After finding the line with "وزير التعليم العالى" in the entries below, retype exactly each line from there through the line with "Restaurant 2", including that final line.

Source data
━━━

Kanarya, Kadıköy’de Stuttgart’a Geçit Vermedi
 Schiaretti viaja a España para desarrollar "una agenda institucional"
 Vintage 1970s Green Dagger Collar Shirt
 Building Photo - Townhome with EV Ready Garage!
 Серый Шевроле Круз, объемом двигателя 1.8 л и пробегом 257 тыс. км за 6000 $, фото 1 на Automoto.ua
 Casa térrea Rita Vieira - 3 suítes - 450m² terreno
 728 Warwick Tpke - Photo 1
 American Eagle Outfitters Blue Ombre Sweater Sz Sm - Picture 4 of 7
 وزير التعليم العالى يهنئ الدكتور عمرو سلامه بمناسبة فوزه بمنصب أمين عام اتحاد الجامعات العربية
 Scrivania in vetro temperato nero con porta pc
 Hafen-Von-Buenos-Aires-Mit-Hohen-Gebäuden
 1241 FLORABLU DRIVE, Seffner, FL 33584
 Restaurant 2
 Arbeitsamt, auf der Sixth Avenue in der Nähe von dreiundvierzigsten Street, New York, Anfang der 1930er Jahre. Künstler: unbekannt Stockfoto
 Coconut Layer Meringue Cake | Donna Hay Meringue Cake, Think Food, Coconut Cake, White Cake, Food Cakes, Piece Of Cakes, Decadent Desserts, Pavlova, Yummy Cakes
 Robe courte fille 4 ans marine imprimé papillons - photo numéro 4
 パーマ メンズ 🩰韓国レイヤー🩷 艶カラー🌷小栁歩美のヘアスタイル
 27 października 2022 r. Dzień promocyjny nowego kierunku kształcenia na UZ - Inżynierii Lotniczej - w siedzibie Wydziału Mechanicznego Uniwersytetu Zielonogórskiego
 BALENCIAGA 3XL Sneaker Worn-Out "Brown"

━━━

RESULT OF THIS EXERCISE:
 وزير التعليم العالى يهنئ الدكتور عمرو سلامه بمناسبة فوزه بمنصب أمين عام اتحاد الجامعات العربية
 Scrivania in vetro temperato nero con porta pc
 Hafen-Von-Buenos-Aires-Mit-Hohen-Gebäuden
 1241 FLORABLU DRIVE, Seffner, FL 33584
 Restaurant 2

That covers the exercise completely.